Aim of the exercise:
The listing below should be reproduced exactly, with the pictures omitted.

Input data:
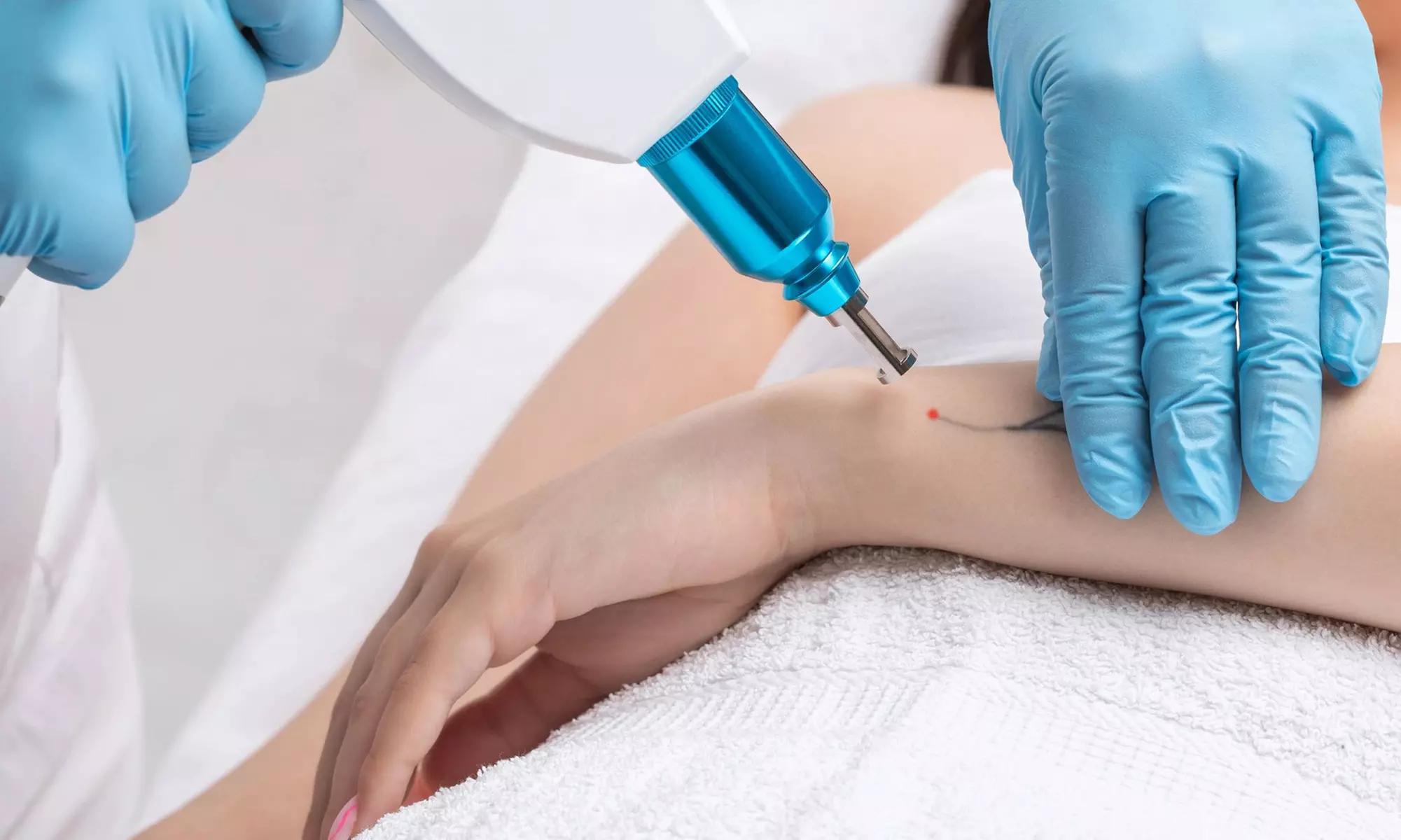 One or Three Laser Tattoo Removal for Small, Medium or Large Areas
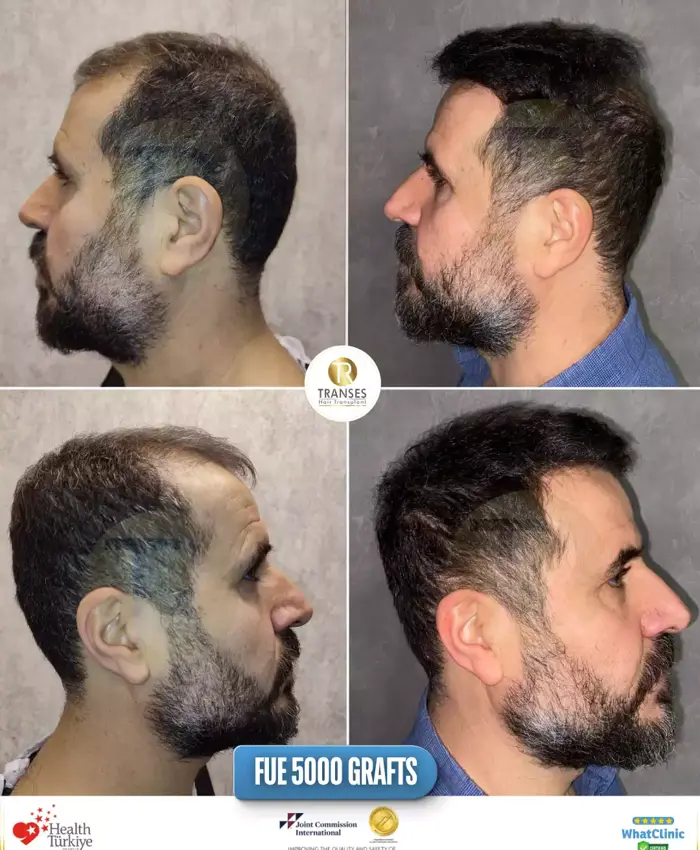 Before & After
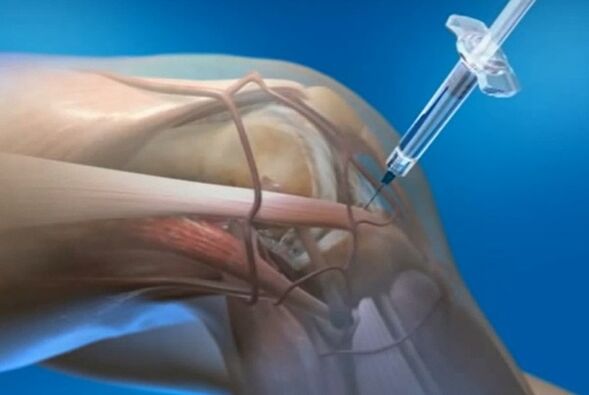 تزریق داخل مفصلی برای آرتروز مفصل زانو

Output of the task:
 One or Three Laser Tattoo Removal for Small, Medium or Large Areas
 Before & After
 تزریق داخل مفصلی برای آرتروز مفصل زانو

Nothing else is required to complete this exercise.